Just thought I'd comment. Sorry if I'm in the wrong section of the Forum. I'm not safe in Rockler, my Wife would tell you!:no:


----------



## JulianClayton (Sep 1, 2014)

*Look again!*



awhitecat said:


> I live in England. Most of English measurements have now converted from Imperial to Metric. If I buy wood or steel or wire or tap fittings, they shall all be in metric.
> 
> My router is metric. It comes from Europe. I find my router satisfactory. It has good horsepower, it is easy to change bits and seems to be relatively accurate.
> 
> ...


_____________________________________________________________________

This is a line copied from an Axminster page on their website: TCT cutters with either 6.3mm(1/4") or 12.7mm(1/2") shanks. Maybe you should look at their website again under.....Power Tools | Routers & Trimmers | Router Bits | Cutter Sets 

IMHO


----------



## awhitecat (Dec 25, 2007)

That is the problem, Julian. They have 1/4" or 1/2" shanks only. Great place Axminster, I love it in there!


----------



## Phil P (Jul 25, 2010)

Hi Mike

You say that your router comes from Europe and is metric. I have European routers (Bosch, Elu and deWalt) and they all have both metric and Imperial collets available. Same applies for other European brands, such as Felisatti. Freud, Metabo, Einheil, Scheer, etc. If you post the make and model of your router I'm certain that someone here will be able to help you source an Imperial collet

I agree with you about the availability of metric shank cutters - in mainland Europe 6mm, 8mm and 12mm are the standard sizes for portable routers with few (rare) places selling 1/4in or 1/2in shank cutters (the UK and Ireland standard sizes), but you can get _some_ over the counter metric shank cutters - try a Trend or Titman stockist because both do a limited range of straight cutters (and some others) with metric shanks. For mail order I tend to go to Wealden Tool because over many years I've found their quality and service second to none. Good prices, too. They have a range of 8mm shank straight cutters which might be of interest to you. 

As an aside I think the 8mm shank size in the UK goes back to Elu days - they always suppliedm (or made available) their smaller routers with 8mm collets.

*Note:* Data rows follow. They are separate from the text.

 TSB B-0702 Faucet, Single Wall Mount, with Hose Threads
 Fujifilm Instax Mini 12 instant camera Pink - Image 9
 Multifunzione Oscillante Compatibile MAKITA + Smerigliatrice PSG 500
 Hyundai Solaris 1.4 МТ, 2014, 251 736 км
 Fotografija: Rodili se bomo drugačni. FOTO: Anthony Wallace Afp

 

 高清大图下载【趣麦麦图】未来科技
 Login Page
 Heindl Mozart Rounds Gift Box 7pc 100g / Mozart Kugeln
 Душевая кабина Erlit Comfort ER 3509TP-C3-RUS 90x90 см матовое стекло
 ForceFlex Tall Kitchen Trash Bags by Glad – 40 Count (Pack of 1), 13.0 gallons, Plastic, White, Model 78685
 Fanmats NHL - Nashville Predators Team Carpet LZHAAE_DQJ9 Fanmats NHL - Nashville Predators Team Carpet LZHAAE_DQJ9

An 8mm shank is much stronger than a 1/4in one (60% more cross section area) which means that in the hands of ham-fisted tradesmen like me they are less likely to break! :no: Profile cutters often take a much lighter cut, so there was less urgency to have 8mm shanks on them, and that's where things seem to have stuck

Regards

Phil


----------



## Cherryville Chuck (Sep 28, 2010)

I have straight bit cutters in 6, 8, 10, and 12mm I've purchased from Onsrud in the states. Onsrud are very high quality. I've seen one post at least by a CNC member stating that he was getting far better service from Onsrud bits than he had been getting from Amana.


----------



## awhitecat (Dec 25, 2007)

*Trying different size collets*

I must admit I haven't tried different size collets. I presume they are are available for metric routers. Up till now, i have only changed router bits not colletsDerby Tool Supplies (really good and almost equal to a Rockler outlet if more expensive!) specialise in Trend though they do have DeWalt and Bosch routers (they are a DeWalt Service Centre) and do not sell any metric shanked bits whatsoever. I asked at Axminster in Nuneton and got the "What the H___ do you want those for?!" type of replies.

I was just interested in asking why metric size shanks are realistically available only online in England.

I would love to do more routing and have a dedicated router table. 

Just on another weird note, dado saw blades are either illegal or practically impossible to buy over the counter in England!:no:


----------



## Cherryville Chuck (Sep 28, 2010)

I have bushings to go from 1/2 down to the 6, 8, and 10s. I have to get a 12mm collet for those bits.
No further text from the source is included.